What about the Bronson residents who do vote early in county, state and federal elections? Maybe they would like to do the same in town elections.
They might also disagree with Edmondson's “why are you doing this to me logic,” preferring to see this as an issue of “why are you restricting my opportunity to vote?”
Roberts, whose seat is also up for election this year, said twice that early voting is unnecessary because people can vote absentee.
Schuler, who cast the deciding vote, said he didn't think early voting was worth the effort and that it might only bring in five extra voters.
What about the story of the election won by one vote to illustrate the importance of voting?
If cost was an issue, Weeks suggested cutting early voting from two weeks to five days thus cutting the cost by two-thirds. It would be less than the amount the city spent on a bench it donated to the post office where Roberts is a postal worker and Edmondson is a postal driver.
We think early voting is a good idea and it won't cost much. After all, some Bronson residents have died in defense of the right to freely vote.

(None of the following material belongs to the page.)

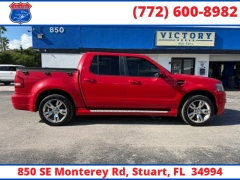 Used 2008  Ford Explorer Sport Trac 4d SUV 2WD Limited V8 at Victory Auto Store near Stuart&comma; FL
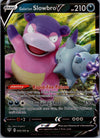 099 Galarian Slowbro V Darkness Ablaze Holo Rare V NM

We just do not buy the idea that that residents like the idea of rushing from work to stand in line to vote by 7 p.m., then run home to get dinner on the table and the kids ready for school the next day.
Maybe that's why turnout in the city elections is not high.
About the only other thing we can think of to raise a better response from the tired commuting working class is a good mudslinger of a campaign that debates whether this council has residents' best interests at heart.